Si Moïse est monté seul sur la montagne pour recevoir les Tables de la loi, Jésus est accompagné de la foule et ses disciples sont rassemblés autour de lui sur la montagne où il nous donne la Charte de l’Alliance nouvelle. C’est ainsi que tous entendent ce que nul n’a entendu de ses oreilles, ce que le cœur de l’homme n’a pas imaginé. La Parole vient en quelque sorte surpasser l’Écriture. 
           
L’accomplissement de la loi est un parcours d’hier à demain que nous sommes invités à faire. La loi y prend tout son vrai sens dans la mesure où venue du passé, elle nous conduit à demain pour être toujours plus engageante dans nos relations avec les autres. C’est à ce prix que notre « oui » peut être authentique et vrai. Dans la mesure où nous ne pensons pas pour Dieu en lui faisant dire des choses qui le figent dans un durcissement de la loi, nous sommes attentifs aux autres, aux situations qui se présentent à nous.
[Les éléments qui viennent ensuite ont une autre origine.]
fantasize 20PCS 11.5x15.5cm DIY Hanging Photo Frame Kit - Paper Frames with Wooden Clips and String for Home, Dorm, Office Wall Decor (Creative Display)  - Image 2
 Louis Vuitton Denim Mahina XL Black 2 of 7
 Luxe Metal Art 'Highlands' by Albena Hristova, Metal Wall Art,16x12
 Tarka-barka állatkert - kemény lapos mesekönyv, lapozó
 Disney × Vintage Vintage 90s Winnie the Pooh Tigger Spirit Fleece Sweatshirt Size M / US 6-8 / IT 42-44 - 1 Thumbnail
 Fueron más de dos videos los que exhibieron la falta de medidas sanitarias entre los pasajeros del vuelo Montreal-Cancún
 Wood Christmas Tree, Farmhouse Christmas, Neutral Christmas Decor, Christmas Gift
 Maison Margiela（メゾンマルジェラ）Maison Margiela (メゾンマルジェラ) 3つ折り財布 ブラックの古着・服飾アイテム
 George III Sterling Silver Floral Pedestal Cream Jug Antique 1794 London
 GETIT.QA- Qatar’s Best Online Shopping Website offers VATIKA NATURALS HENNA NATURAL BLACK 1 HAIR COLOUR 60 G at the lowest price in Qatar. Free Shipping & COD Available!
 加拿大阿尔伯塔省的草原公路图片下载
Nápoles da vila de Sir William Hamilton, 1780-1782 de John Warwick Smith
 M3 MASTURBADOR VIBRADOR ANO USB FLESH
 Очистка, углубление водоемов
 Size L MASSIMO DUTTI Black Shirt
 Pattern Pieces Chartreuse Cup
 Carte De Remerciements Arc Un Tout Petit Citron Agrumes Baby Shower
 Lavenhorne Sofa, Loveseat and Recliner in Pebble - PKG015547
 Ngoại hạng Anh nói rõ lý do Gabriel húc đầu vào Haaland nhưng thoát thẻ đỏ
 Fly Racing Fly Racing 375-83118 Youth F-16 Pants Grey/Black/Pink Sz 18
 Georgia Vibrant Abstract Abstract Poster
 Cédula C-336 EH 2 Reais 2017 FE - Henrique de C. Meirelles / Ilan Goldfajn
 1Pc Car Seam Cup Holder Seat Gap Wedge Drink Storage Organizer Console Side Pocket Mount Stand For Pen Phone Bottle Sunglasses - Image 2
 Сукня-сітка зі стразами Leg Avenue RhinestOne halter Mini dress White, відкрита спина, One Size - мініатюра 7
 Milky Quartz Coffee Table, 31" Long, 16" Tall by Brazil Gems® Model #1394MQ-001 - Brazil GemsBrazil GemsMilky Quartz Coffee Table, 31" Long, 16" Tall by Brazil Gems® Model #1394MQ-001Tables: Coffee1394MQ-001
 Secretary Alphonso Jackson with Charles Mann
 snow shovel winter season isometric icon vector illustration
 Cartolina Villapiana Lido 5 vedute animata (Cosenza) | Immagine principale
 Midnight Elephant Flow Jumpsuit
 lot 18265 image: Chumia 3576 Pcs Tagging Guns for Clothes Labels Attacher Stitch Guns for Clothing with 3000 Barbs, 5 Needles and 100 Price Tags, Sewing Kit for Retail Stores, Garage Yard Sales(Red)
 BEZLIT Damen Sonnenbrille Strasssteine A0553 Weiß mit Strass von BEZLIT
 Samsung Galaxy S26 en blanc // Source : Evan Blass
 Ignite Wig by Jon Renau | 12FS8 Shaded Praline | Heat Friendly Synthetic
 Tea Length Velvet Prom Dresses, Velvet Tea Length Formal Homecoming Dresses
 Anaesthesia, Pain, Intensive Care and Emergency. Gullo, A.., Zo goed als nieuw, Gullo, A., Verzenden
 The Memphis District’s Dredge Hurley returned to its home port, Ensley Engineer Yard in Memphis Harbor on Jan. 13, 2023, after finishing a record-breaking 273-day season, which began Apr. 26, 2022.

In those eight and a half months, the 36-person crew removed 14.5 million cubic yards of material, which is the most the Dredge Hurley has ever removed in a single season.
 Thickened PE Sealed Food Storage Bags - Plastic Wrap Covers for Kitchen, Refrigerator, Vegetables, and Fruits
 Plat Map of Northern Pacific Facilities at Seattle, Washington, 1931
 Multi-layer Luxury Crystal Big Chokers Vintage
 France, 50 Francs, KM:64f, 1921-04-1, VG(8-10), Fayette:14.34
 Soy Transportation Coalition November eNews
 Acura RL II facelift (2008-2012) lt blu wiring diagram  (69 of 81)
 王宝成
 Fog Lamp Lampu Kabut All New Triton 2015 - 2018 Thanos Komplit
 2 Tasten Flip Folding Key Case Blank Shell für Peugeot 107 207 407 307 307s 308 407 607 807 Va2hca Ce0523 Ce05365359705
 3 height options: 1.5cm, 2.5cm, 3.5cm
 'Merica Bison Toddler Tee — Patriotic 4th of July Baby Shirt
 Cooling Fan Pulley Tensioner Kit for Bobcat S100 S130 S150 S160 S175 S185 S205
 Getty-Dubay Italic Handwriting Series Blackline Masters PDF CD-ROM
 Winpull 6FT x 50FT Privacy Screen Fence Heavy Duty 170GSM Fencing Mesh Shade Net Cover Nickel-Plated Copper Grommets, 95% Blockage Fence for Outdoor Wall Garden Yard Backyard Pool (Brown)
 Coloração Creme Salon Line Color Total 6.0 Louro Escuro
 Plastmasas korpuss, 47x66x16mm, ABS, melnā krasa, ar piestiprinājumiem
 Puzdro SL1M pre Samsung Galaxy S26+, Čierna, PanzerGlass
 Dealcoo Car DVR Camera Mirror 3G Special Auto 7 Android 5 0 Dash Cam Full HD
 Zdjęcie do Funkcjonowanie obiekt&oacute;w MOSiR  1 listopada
Penser pour les autres, au point de refuser une invitation pour ne pas les fatiguer, c’est oublier la joie de la rencontre. Croire en une loi définie de toute éternité, c’est penser pour l’autre, lui enlever sa liberté. Si la Loi divine joue un rôle dans nos vies, c’est que nous en avons découvert le bien fondé. Laissons à l’autre la chance de vivre le même cheminement, en témoignant de l’amour de Dieu qui nous habite à son égard. L’écriteau « ne pilez pas sur la pelouse » devient alors une invitation à ne pas y jeter de papiers ou d’autres objets par respect de la nature et de l’environnement. D'un ordre, nous passons à une invitation à être responsable. Il s'agit d'un engagement beaucoup plus exigeant que respecter la loi.      
           
À l’occasion des funérailles de trois de nos frères musulmans, une parole a été prononcée par une personne pour rappeler ce proverbe : « aujourd’hui n’est pas le lendemain d’hier, mais la veille de demain ». Cette parole acquiert un caractère prophétique. Elle laisse entendre que la Loi reçue ne cesse de faire son chemin pour que nous puissions grandir. Confronté aux catastrophes les plus injustes, où les interdits sont en cause, l’accomplissement de la Loi cherche à se dire.